Methylation profiles have recently garnered much attention as tools to establish the cellular origins of cancers because CpG island promoter hypermethylation patterns are cancer-type specific43. We clustered 270 ovarian cancer samples (94 CCOCs, 157 HGSOCs, 8 MOCs, and 11 EMOCs) using non-negative matrix factorization in the methylation array and compared them to 30 normal samples {nine fallopian tube epithelium (FTE), three pelvic peritoneum mesothelium (PPM), 14 ovarian surface epithelium (OSE), and 4 endometrial epithelium (EME)}, using our dataset and publicly available datasets, GSE51820 and GSE81227. We independently performed hierarchical clustering analysis in cancer and normal tissues due to the batch effects among the datasets.
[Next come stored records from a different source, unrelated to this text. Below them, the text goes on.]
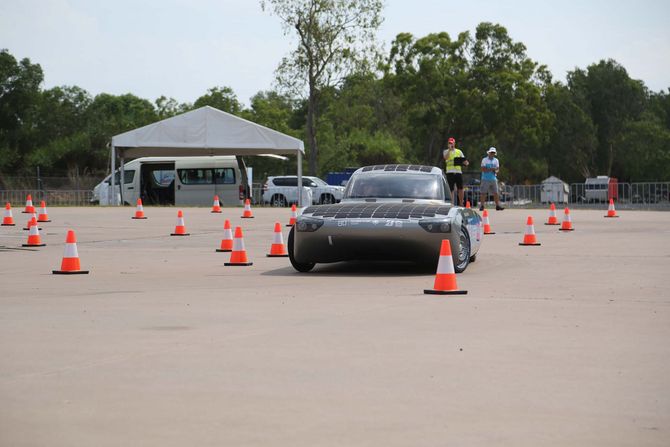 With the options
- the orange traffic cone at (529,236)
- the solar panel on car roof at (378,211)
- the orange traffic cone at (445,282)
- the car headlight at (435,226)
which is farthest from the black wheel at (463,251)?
the orange traffic cone at (529,236)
Batch effects were more evident in normal tissues because the sample size was small with various ratios of three datasets (i.e., PPM samples were only from publicly available samples, while samples from uterine endometrium were only our samples). Methylation profiles were site-specifically defined by these four normal tissues (Fig. 3A, Supplementary Fig. 9). We confirmed that ovarian cancer samples were classified into three clusters, which corresponded to the methylation profiles of FTE, PPM, and OSE/EME tissues (Fig. 3A; Supplementary Fig. 10). PCA analysis of ovarian cancers revealed the presence of three distinct clusters. However, it's crucial to acknowledge that batch effects may influence these clusters. This consideration arises particularly due to the inclusion of several OSE-like FTE samples in the FTE-like cluster (Fig. 3B). The FTE-like cluster included 129 of 157 (83%) HGSOC samples and only five of 94 (5.3%) CCOC samples (P < 0.001; Fig. 3A). In addition, the FTE-like cluster included 6 of 11 EMOC samples. In contrast, the PPM-like cluster was predominantly enriched with CCOC samples (76 of 94, 81%). The OSE/EME-like cluster contained 12 of 94 (13%) CCOC samples, 16 of 156 (10%) HGSOC samples, 3 of 8 MOC samples (38%), and 7 of 11 (64%) EMOC samples. All three CCOC samples in the FTE-like cluster had TP53 mutations with a predominance of the BRCA signature, whereas all CCOC samples with ARID1A and/or PIK3CA mutations (n = 56) were classified into the PPM-like cluster. CCOC samples in the OSE/EME-like cluster were associated with the “double-negative” genotype (six of nine: 67%). These data suggest that PPM cells could be associated with the cells of origin of (typical) CCOC.

Figure 3
figure 3

Methylation-based clustering of ovarian carcinomas (CCOC, HGSOC, MOC, and EMOC) and normal tissues. (A) Comparison of non-negative matrix factorization consensus clustering of DNA methylation between ovarian cancers and normal tissues (FTE, PPM, OSE, and EME) using significant differentially methylated probes. Our analysis includes CCOC (n = 92) and HGSOC (n = 83) samples alongside publicly available samples (11 CCOC, 65 HGSOC, 8 mucinous carcinomas, and 11 endometrioid carcinomas). (B) Principal component analysis of cancers (green, red, and blue dots are cancers in the FTE-like, PPM-like, and OSE/EME-like clusters, respectively) and normal tissues (shown in F, P, O, and E). (C) Methylation heat map sorted through unsupervised hierarchal clustering in PPM-like CCOC. The mutational status of ARID1A and PIK3CA is shown for each sample. (D) The list of enriched motifs detected in hyper-methylated enhancer regions in the SWI/SNF alteration cluster.

Subclassification

Methylation-based subclassification and correlation with the SWI/SNF depletion

We advanced the subclassification to explore epigenetic changes between normal PPM tissue and carcinoma by re-selecting 15,038 probes that were significantly different between normal PPM and PPM-like CCOC samples. Unsupervised hierarchical clustering identified two subgroups, stratified by the absence and presence of ARID1A mutations (ARID1A-intact cluster and ARID1A-mutated cluster) (Fig. 3C). The SWI/SNF-dependent distal enhancers are essential for controlling the expression of various genes44; therefore, we focused on the probe types that were hypermethylated or hypomethylated in the ARID1A-mutated cluster. The ratio of “Quiescent” probes was significantly enriched (53%) in the hypomethylated probes, whereas the ratios of “Promoter” (20%) and “Repressed Polycomb States” (24%) were significantly enriched in the hypermethylated probes (Supplementary Fig. 11), suggesting that the expression levels of specific genes were subsequently downregulated by the SWI/SNF depletion.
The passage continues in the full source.